Do your homework.  It will pay off.  I'm sure that most of the sucessful growers here have read literally thousands of pages on growing...


----------



## Dewayne (Aug 7, 2007)

Nope, i haven't. I just grew with a very experienced grower for a while. Then when i was off on my own all the blanks were pretty much filled in. Wise old guy he was. Taught me most everything i know.
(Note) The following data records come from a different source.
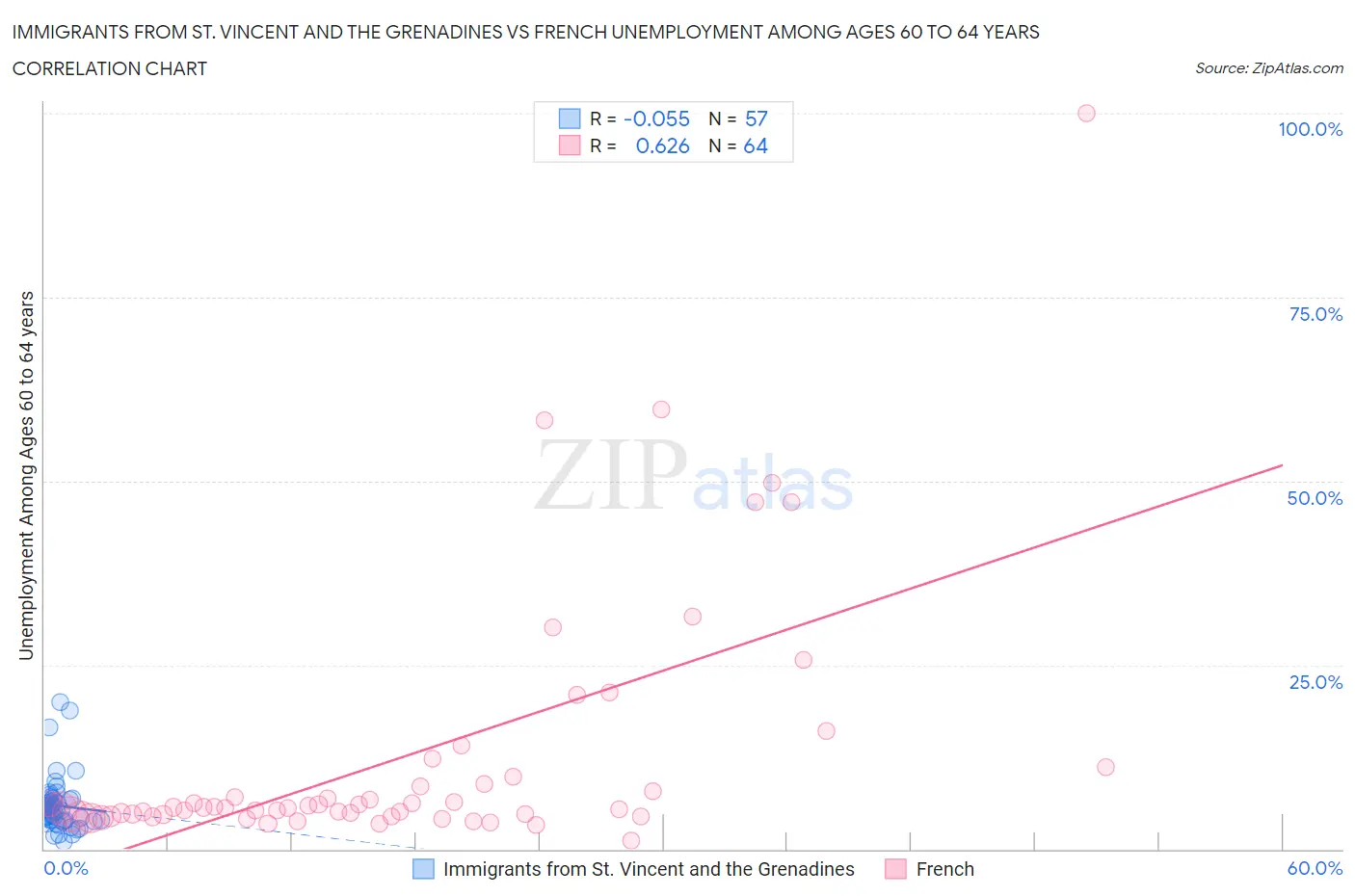 Immigrants from St. Vincent and the Grenadines vs French Unemployment Among Ages 60 to 64 years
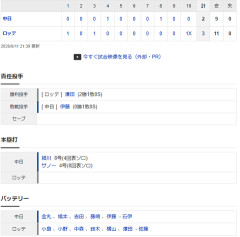 【試合結果】 6/11　中日 2-3 ロッテ 延長10回伊藤打たれサヨナラ負け　このカードも負け越し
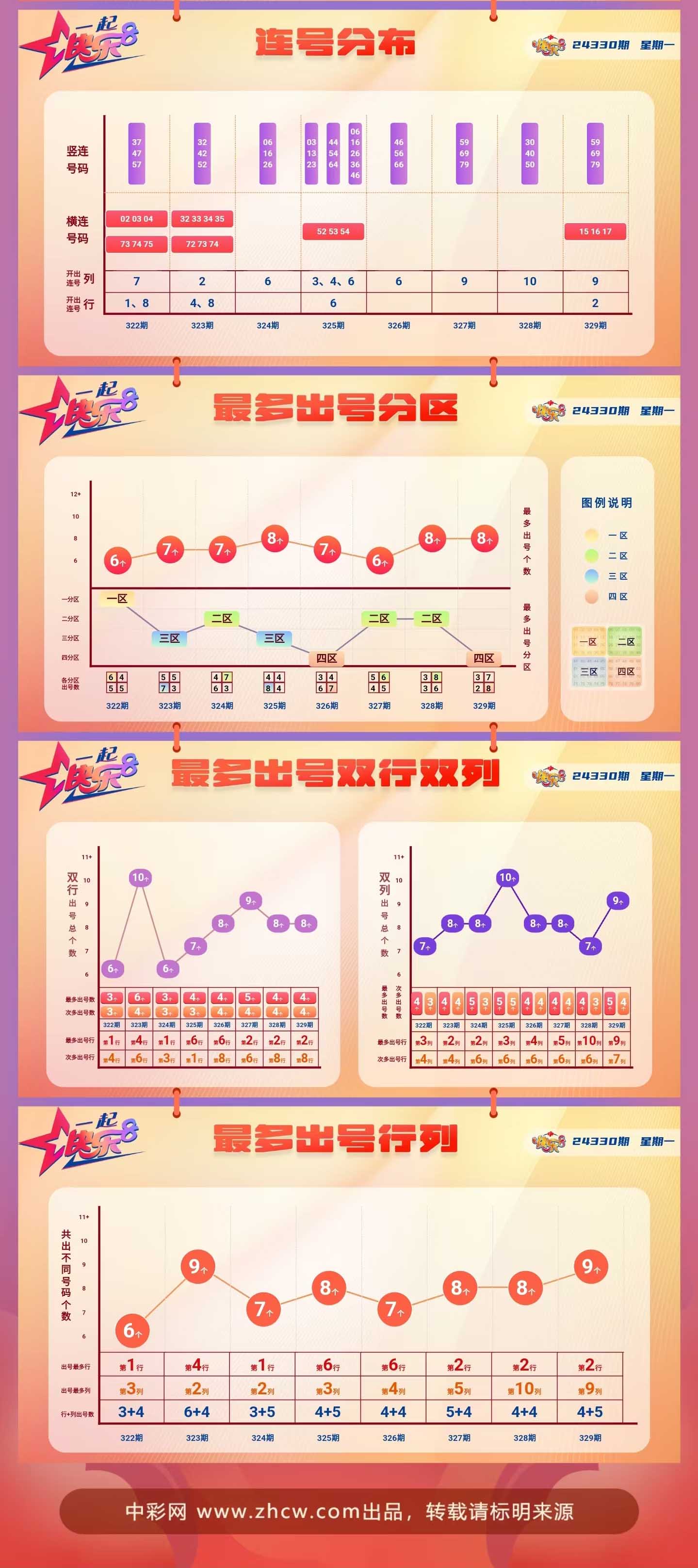 快乐8第2024330期中奖快报分析2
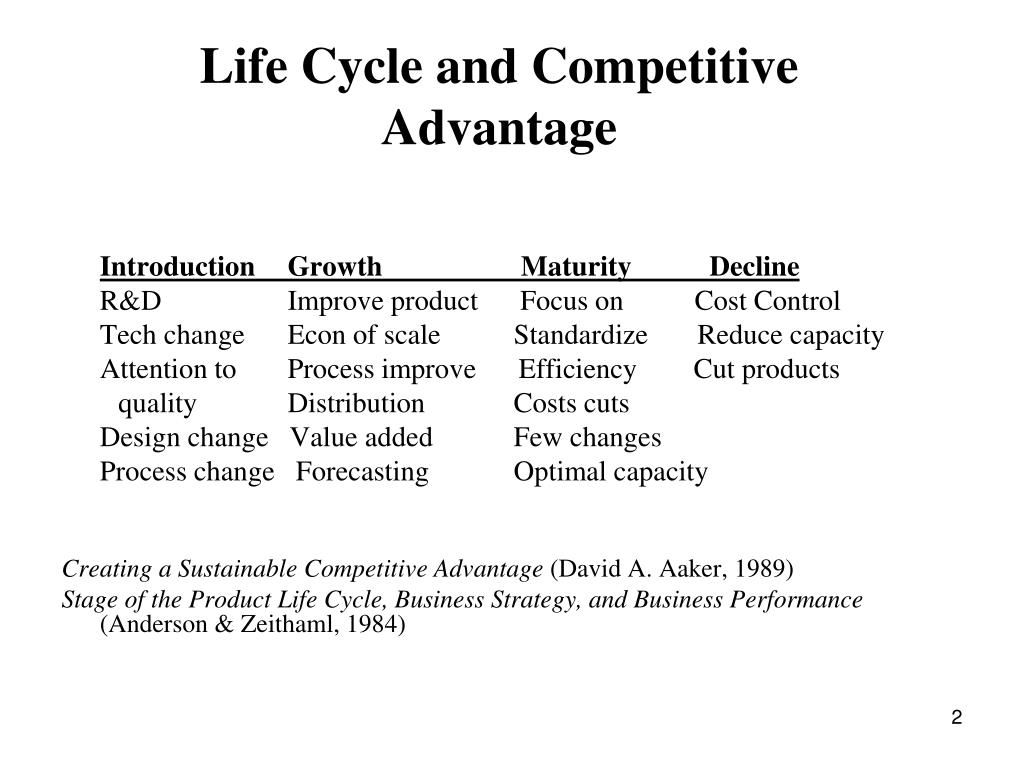 PPT - Strategic Planning Model Critical Success Factor: Strategic ...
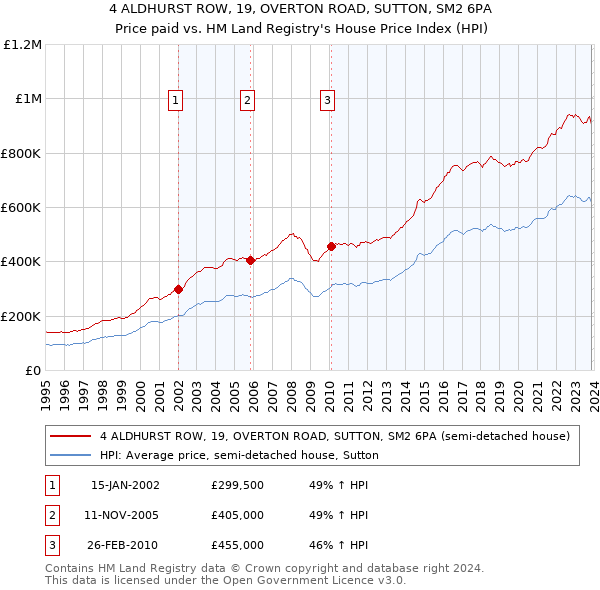 4 ALDHURST ROW, 19, OVERTON ROAD, SUTTON, SM2 6PA: Price paid vs HM Land Registry's House Price Index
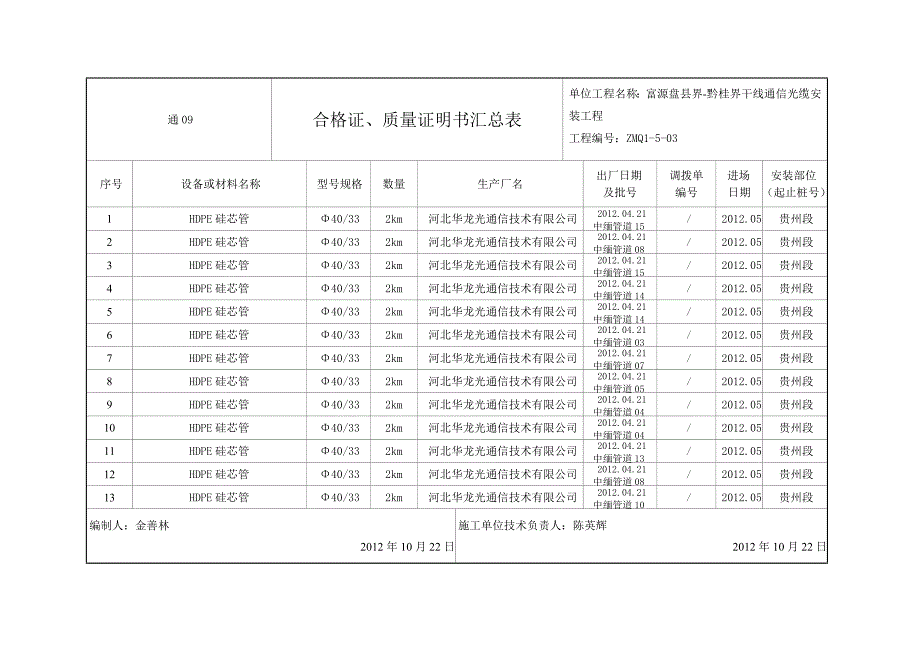 通09 合格证、质量证明书 汇总表.doc_第1页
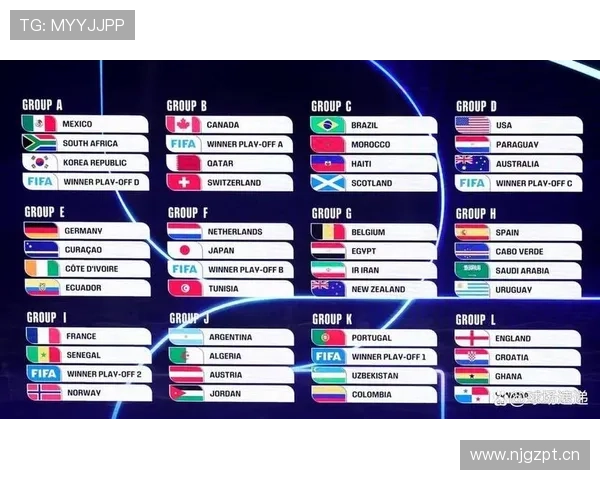 2026年足球世界杯赛程全面解析各大赛事时间与球队对阵安排 - 副本 - 副本 - 副本 2026年足球世界杯赛程全面解析各大赛事时间与球队对阵安排 - 副本 - 副本 - 副本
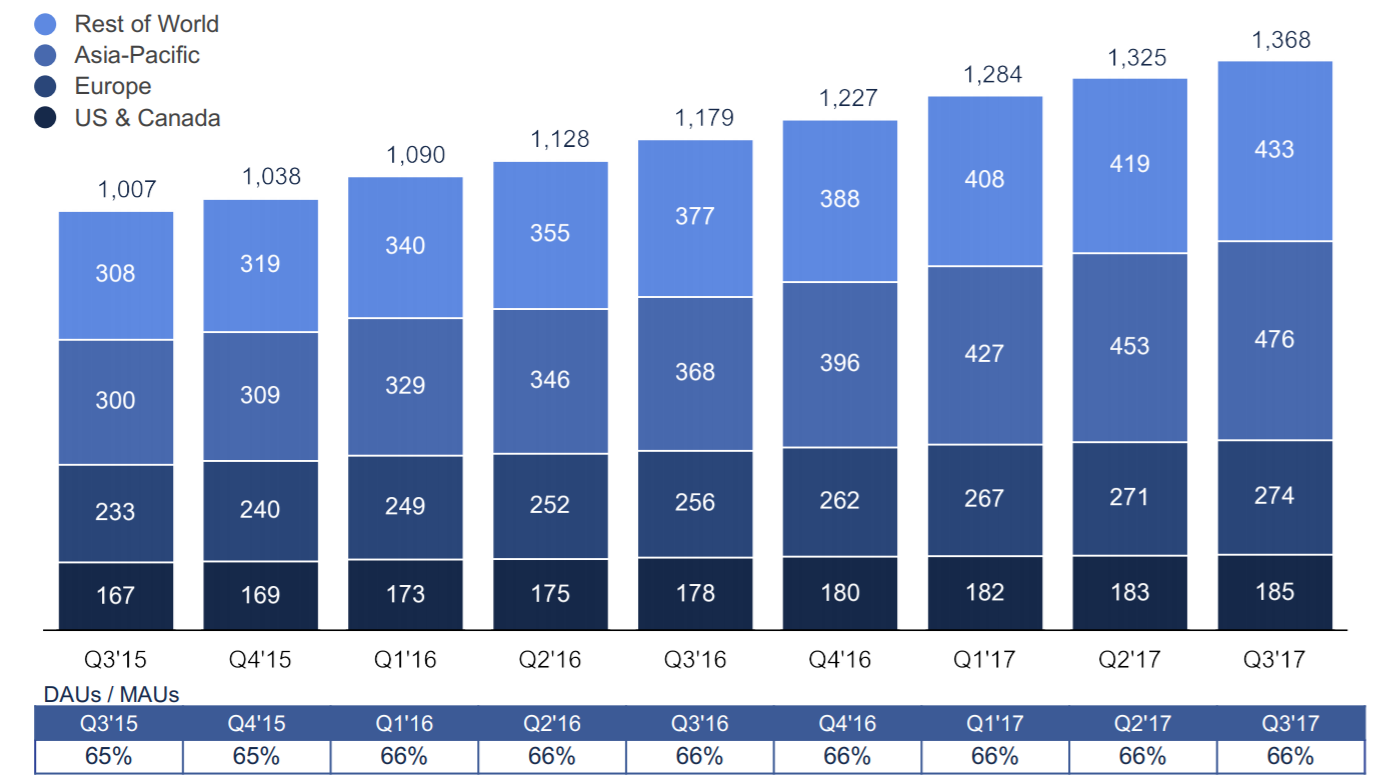 Sources facebook. Число пользователей Фейсбук в мире. Mau monthly users.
Everything else came from random reads and or experience. 

~Burn ONe~
Dewayne


----------



## Dyannas son (Aug 7, 2007)

thats nice i know that you have been struggling with cfls,hope you get off to a good start and produce some nice buds.


----------



## killersmoke (Aug 7, 2007)

thank you guys so much i dunno the strain cuz itz just sum kill bagseed but i hope to god i dont get a few 10 foot monster in ma house lol

o and im only gonna grow 2 plants....keep it simple cuz if i do get caught growing for some odd reason and the cops to raid my house i can say its for personal use only and im sure they wont hit me hard.


----------



## Geter-D1 (Aug 8, 2007)

dont know much on the light problem , but you ought to germinate at least 6 or 8... it would  bite to grow just the 2 and both turn out male when there sexed. this way you can pick out the 2 best best , and kull the rest.. than your sure to get  the  2  you wanted ,, grow on  &  good luck...


----------



## icecreamxd (Aug 15, 2007)

ya you gotta read up before u do anything... it will pay off big time in the end.. i also learned alot of my basics of hydro from a youtube video if you're lazy to read.. even if ur doing soil, theres still alot of helpful tips 

just go to youtube and type: I Grow Chronic!  and theres 9 videos

just search around for more growing videos


----------



## Freak420 (Aug 15, 2007)

hell yeah thats a good idea.. ill have to try that


----------